Tuesday, July 9, 2013

Brownie Bites

I can't believe it's been almost a month since I last posted. Today, the move out of my Harrisonburg apartment finally finished! I'm settling into my new apartment- so far, so good!
I made these brownie bites a while ago, for my friend Rekik's graduation party. They're my favorite brownie recipe, cut into itty bitty pieces, with vanilla bean buttercream on top. Um, hi.
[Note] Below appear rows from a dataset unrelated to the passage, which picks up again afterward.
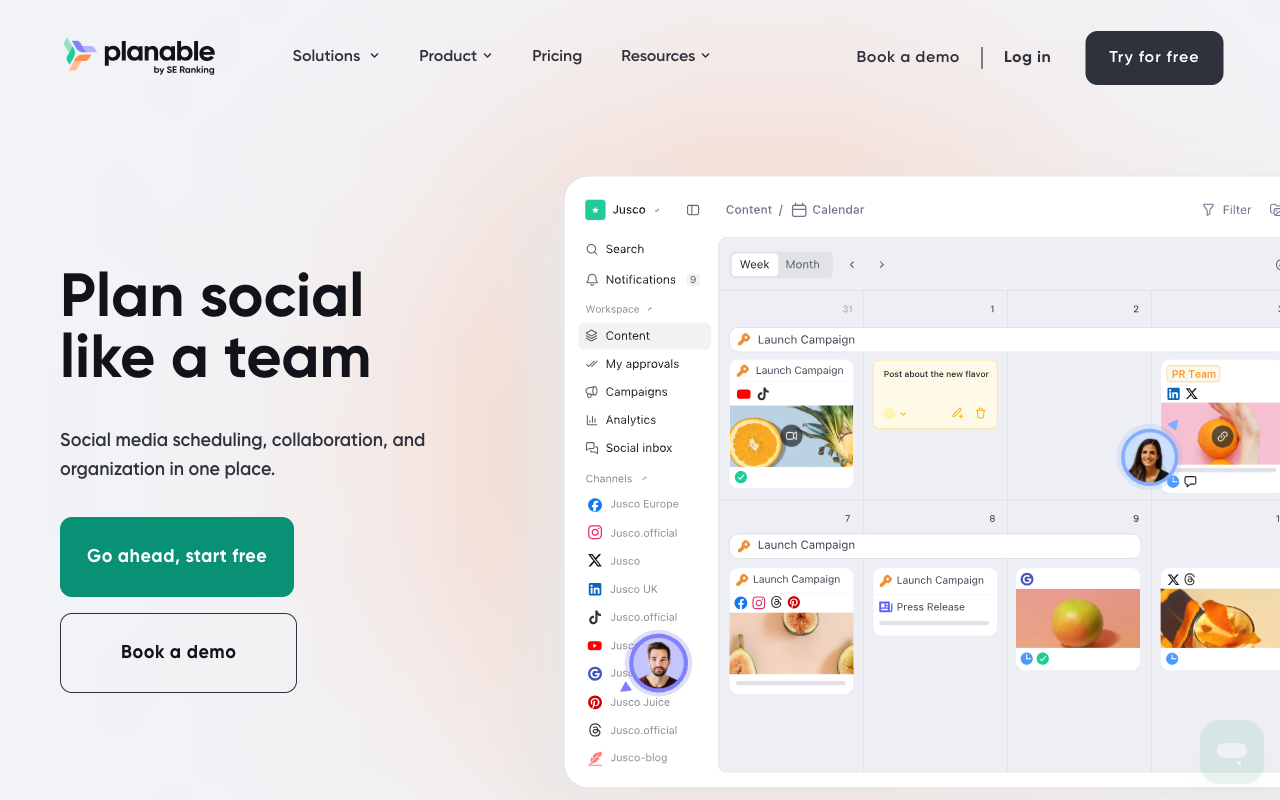 Planable screenshot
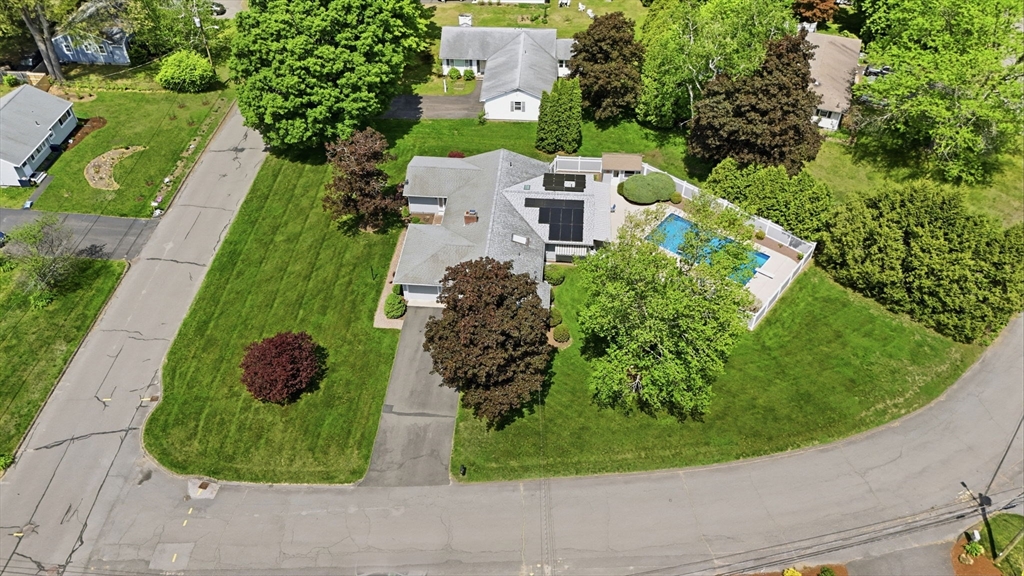 30 Birch Hill Road Northampton, MA 01062 - Photo 4 of 42 an aerial view of a house with a garden and trees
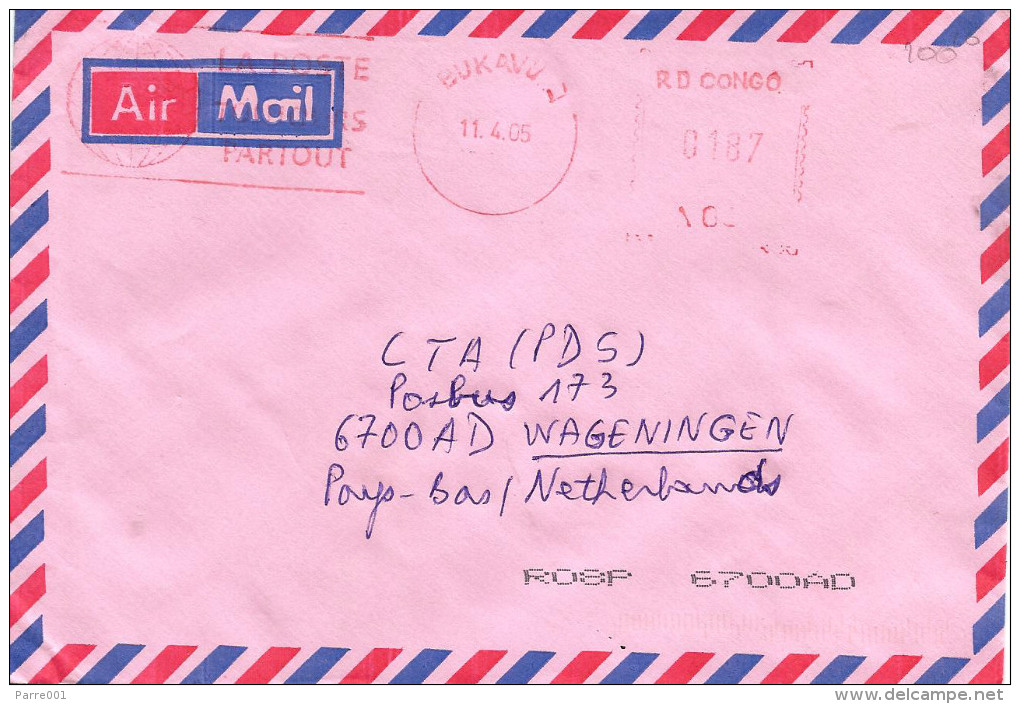 RDC DRC Congo Zaire 2005 Bukavu Meter Franking Hasler “Mailmaster” With Slogan Cover - Brieven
I'm hoping that once I'm all settled and things are semi-normal, I'll be able to post more regularly, get into a groove again.
This buttercream frosting is truly the best frosting in the world. I've eaten soooo much frosting in my life, and this is the most consistently delicious, perfect recipe I've ever had the pleasure of consuming.
Brownie Bites
Yield: ~2 dozen, depending on how small you cut them
Ingredients:
Unsalted butter- 10 tbsp (1 stick + 2 tbsp)
Sugar- 1 1/4 c
Unsweetened cocoa powder- 3/4 c + 2 tbsp (Dutch process or Natural is fine)
Salt- 1/4 tsp
Vanilla extract- 1/2 tsp
Large eggs- 2, cold
Flour- 1/2 c
Directions:
1. Combine buttersugarcocoa and salt in a medium heatproof bowl. Set over a small saucepan of barely simmering water. Stir occasionally until butter is melted and the mixture is smooth and hot. 
3. Remove bowl from the skillet, and let cool for ~5 minutes until warm but not hot. Note: It will look kinda gritty at this point, don't panic!
4. Stir in vanilla with a spoon or spatula. Add eggs one at a time, stirring vigorously after each addition. At this point it should look well-blended, shiny and thick. 
5. Stir in flour until completely blended, then stir vigorously ~40 strokes. Stir in nuts if using.
6. Prep an 8x8" square pan with parchment paper or aluminum foil so it overhangs on two opposite sides. Spread batter evenly in pan and bake at 325 degrees F for ~20 minutes. The tester should come out moist but not drenched.
7. Let brownies cool slightly, then stick in the fridge for ~15 minutes. 
Vanilla Bean Buttercream
Ingredients:
Unsalted butter- 1 c (2 sticks)
Powdered sugar- 3 c
Vanilla bean paste- 1 tbsp (or the scrapings of one vanilla bean)
Milk- 1 tbsp
Pinch of salt
Directions:
1. Cream butter in the bowl of an electric mixer (paddle attached) until light and fluffy, 3-5 minutes. 
2. Add powdered sugar one cup at a time (use the splash guard that came with the mixer, you'll thank me later). 
3. Add vanilla bean paste, milk and salt. Beat until very well blended. 
4. Switch to the whisk attachment, and beat for 1-2 minutes. 

Assembly:
Take the brownies out of the fridge and remove them from the pan. Spread buttercream, then stick them back in the fridge for 10 minutes. Remove, then cut them into small pieces.